Mistral 7B FineTuning with Interview Data

Hi!

I’ve been wanting to fine tune this model based on transcribed zoom interviews I have as training data.

How do I approach this problem?

I made a video regarding fine-tuning Mistral-7B on your own custom data.

One would need to prepare the data in the format of the UltraChat-200k dataset, which contains a list of messages per training example. Each message has either the role of “user” or “assistant” and contains the actual “content”. I explain all of that in the video.

2 Likes

Can you please provide me the dataset as I am planning to do Interviewer Bot as my final year project.
Thanks in advance.

Thanks a lot Niels. This is so so helpful. :smiling_face:
These are the main questions I have right now.

Regarding the format of the dataset, since the interviewer starts the conversation first, is it okay for the starting role in my “messages” column to be the “assistant” and not the “user”? As well as the chat_template?

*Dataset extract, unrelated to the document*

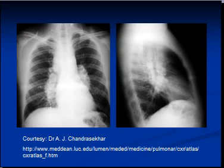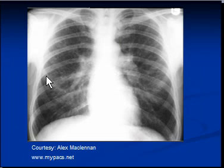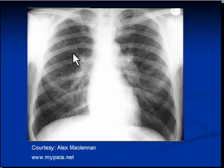Sarcoidosis can have three stages. Stage one involves lymph nodes only. Stage two involves both lymph nodes and lung parenchyma. The lung parenchyma, as shown in this X-ray, will show a reticular pattern, which means a net-like shadowing.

My understanding also is that since one zoom transcribed full interview is the whole conversation, it should be put into one row for the message. For example, I have an interview with a back and forth between the interviewer and interviee around 200 times (meaning: 100 pairs of assistant & user). Is that right? Will the tokenizer be able to handle that? For context: I have around 7500 words per whole interview, that’s around ~9750 tokens assuming 1word ≈ 1.3tokens.

And I will have a total of 100 rows since I have 100 currently clean transcribed interviews?

How do I upload the adapter to huggingface? So I can just load it for later usage.

Is it possible to train Mistral 8x7b using that code as well? and GPU? Or do I need to change something?

I was thinking of deploying 4x RTX 4090 in runpod for the 8x7b, which equates to 96GB VRAM and 248 GB RAM, 64vCPU. Is that right? Or do I need like the H100?

Lastly, how do I deploy this to a chatUI in huggingface space? What GPU do I need for either the SFT model for mistral 7b, and the (soon) SFT model for mistral 8x7b?

Really appreciate your response! :slight_smile:

Thanks for watching!

And I will have a total of 100 rows since I have 100 currently clean transcribed interviews?

Yes, each training example could be one conversation (as long as it fits in the context window that you’re training, like 2048 tokens as in my video).

Is it possible to train Mistral 8x7b using that code as well? and GPU? Or do I need to change something?

Yes, the code is identical. However for multi-GPU training I’d recommend using Deepspeed or FSDP.

I was thinking of deploying 4x RTX 4090 in runpod for the 8x7b, which equates to 96GB VRAM and 248 GB RAM, 64vCPU. Is that right? Or do I need like the H100?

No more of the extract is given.